Please keep any more ideas coming as some of the suggestions may have copyright restrictions.


----------



## mbhaub (Dec 2, 2016)

Having spent countless hours myself in the museum, I can say the place inspires awe and wonder. It's massive and the contents are utterly stunning. And very, very old. You need music that expresses the overwhelming feeling the place gives and no question from a British composer. Look to Holst's The Planets, especially Mars and Saturn.


----------



## Nitroman (5 mo ago)

mbhaub said:


> Having spent countless hours myself in the museum, I can say the place inspires awe and wonder. It's massive and the contents are utterly stunning. And very, very old. You need music that expresses the overwhelming feeling the place gives and no question from a British composer. Look to Holst's The Planets, especially Mars and Saturn.


That's fantastic ... i was listening to Holst the other day but forgot about him fort this project. I preferred an English composer so i'll have another listen ... Great suggestion ! Big thanks !


----------



## Xenophiliu (Jan 2, 2022)

Parry - Jerusalem
Vaughan Williams - Tallis Fantasia
Britten - A Hymn to the Virgin
Elgar - Cockaigne
Holst - Psalms 86 & 148
Dyson / Walton - In Honour of the City
Handel - Coronation Anthems


----------



## Mandryka (Feb 22, 2013)

Nitroman said:


> Hi everyone - first post here!
> I'm a videographer and i'm shooting some imagery for the British Museum.
> I need a piece of music that encapsulates the feel of the British Museum ...
> Any suggestions?


Something that encapsulates the colonial values which led to the stolen goods in the museum. Mad Dogs and Englishmen go out in the Midday Sun, Rule Britannia, Land of Hope and Glory.


----------



## jegreenwood (Dec 25, 2015)

Xenophiliu said:


> Parry - Jerusalem
> Vaughan Williams - Tallis Fantasia
> Britten - A Hymn to the Virgin
> Elgar - Cockaigne
> ...


Good point - you shouldn't limit yourself to one piece. Match the music to the exhibit.


----------



## Josquin13 (Nov 7, 2017)

To start with, I'd look into British composers that were influenced by 19th century Orientalism, & may have been preoccupied with themes of Ancient Egypt, or any place in the Middle East where parts of the British Museum's collection came from. (I've not been there in decades, & can only vividly recall Champollion's Rosetta Stone...) Moreover, the choice of exotic music would also help to emphasize to the viewer watching that these ancient artifacts don't come from Henley-on-Thames or Bath.

In other words, I don't think the typical British pastoral scene depicted in English music makes any sense at all. So, the music of Vaughan Williams, Delius, & other British composers who have a strong connection to the English countryside are not the right choice. Though music inspired by the ancient Celtic world might work...

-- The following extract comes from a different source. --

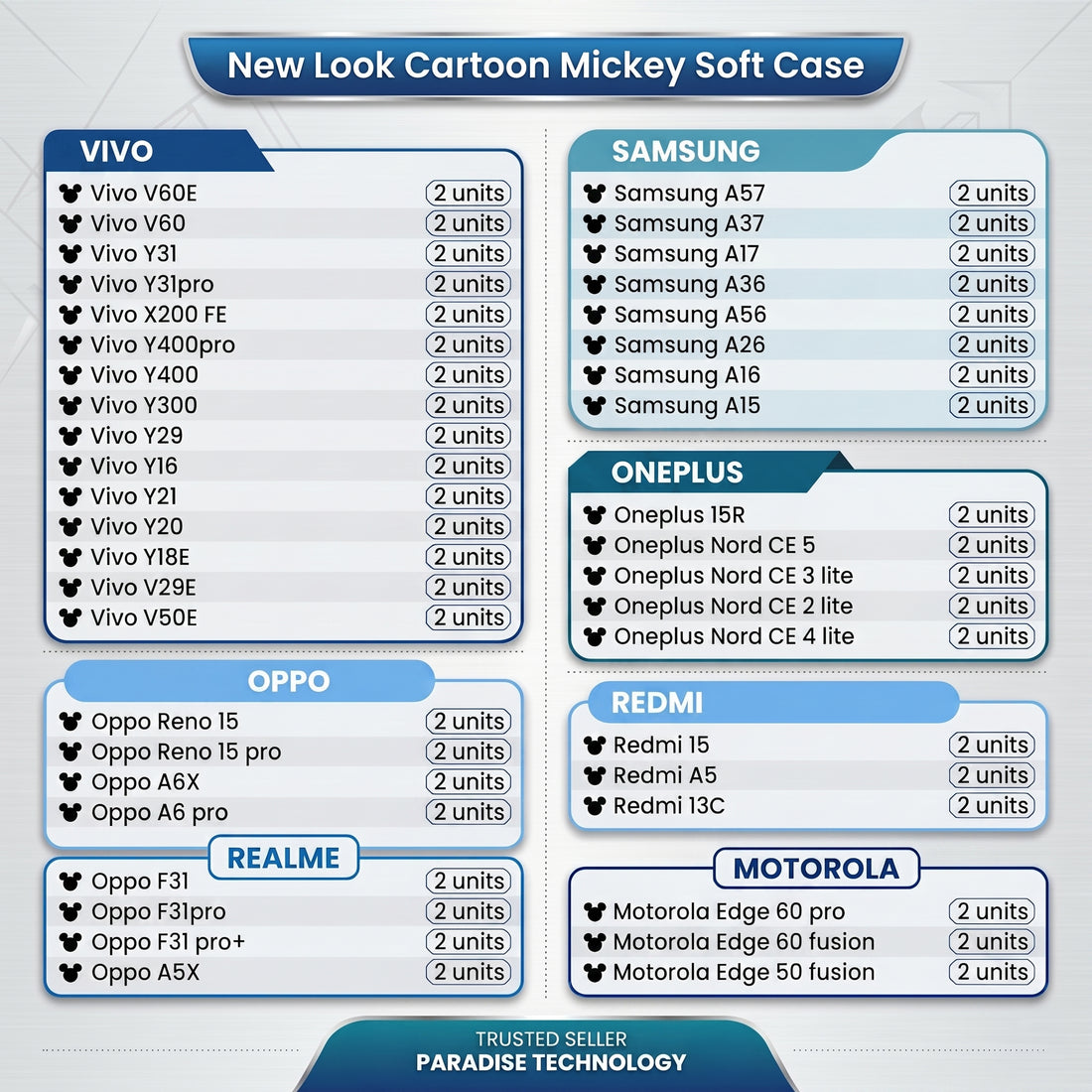 New Look Cartoon Mickey Soft Case (AVAILABLE IN LOT 98 UNITS)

How about Sir Granville Bantock? He was drawn to both Oriental and Celtic themes in his music. Plus, such exotic music tends to be less boisterous and therefore might work well as background film music.

Below are links to a handful of Bantock's works, though I'll leave it up to you to listen to them, in order to decide if there's anything that you can use in your film. To my mind, Bantock makes a good choice because his music is difficult to place, yet it is British. Similiar to how the British Museum is quintessentially British, yet not at all British, considering its contents. Plus, Bantock is a neglected British composer, so his music can always use a good plug. (You might even sell some CDs for him or rather his legacy.)

--Hebridean Symphony:




--Omar Khayyam:




--Celtic Symphony:




--Serenade for String Orchestra "In the far West":




--"Prometheus Unbound"





ETC.

But it doesn't have to be a British composer. French composers were likewise strongly influenced by Orientalism: such as Charles Koechlin, for example, whose music tends to make excellent film music, anyway. Indeed I think parts of the following mysterious piece of music would work very well in a film or film documentary, & again, it's difficult music to quite place, though it certainly has a strong Middle eastern feel or inspiration behind it, at times,

--Les Heures Persanes, or The Persian Hours, which exists in versions for solo piano and orchestra. Here are two different recordings of the orchestral version (& I think that the Segerstam recording is the more evocative between them),

1. Orchestre Philharmonique de Rhénanie-Palatinat, conducted by Leif Segerstam,

Prt I: Charles Koechlin: Les Heures persanes (1913/1919) 1/3
Prt II: Charles Koechlin: Les Heures persanes (1913/1919) 2/3
Prt III: Charles Koechlin: Les Heures persanes (1913/1919) 1/3

2. Radio-Sinfonieorchester Stuttgart des SWR, conducted by Heinz Holliger:

Charles Koechlin - Les Heures Persanes for Orchestra, Op. 65-bis

Lastly, Koechlin's work, "The Seven Stars Symphony" might make good choice, too, despite that each segment is devoted to a different Hollywood icon from the golden age. So thematically it doesn't apply, but musically it might:

Charles Koechlin: The Seven Stars' Symphony (1933)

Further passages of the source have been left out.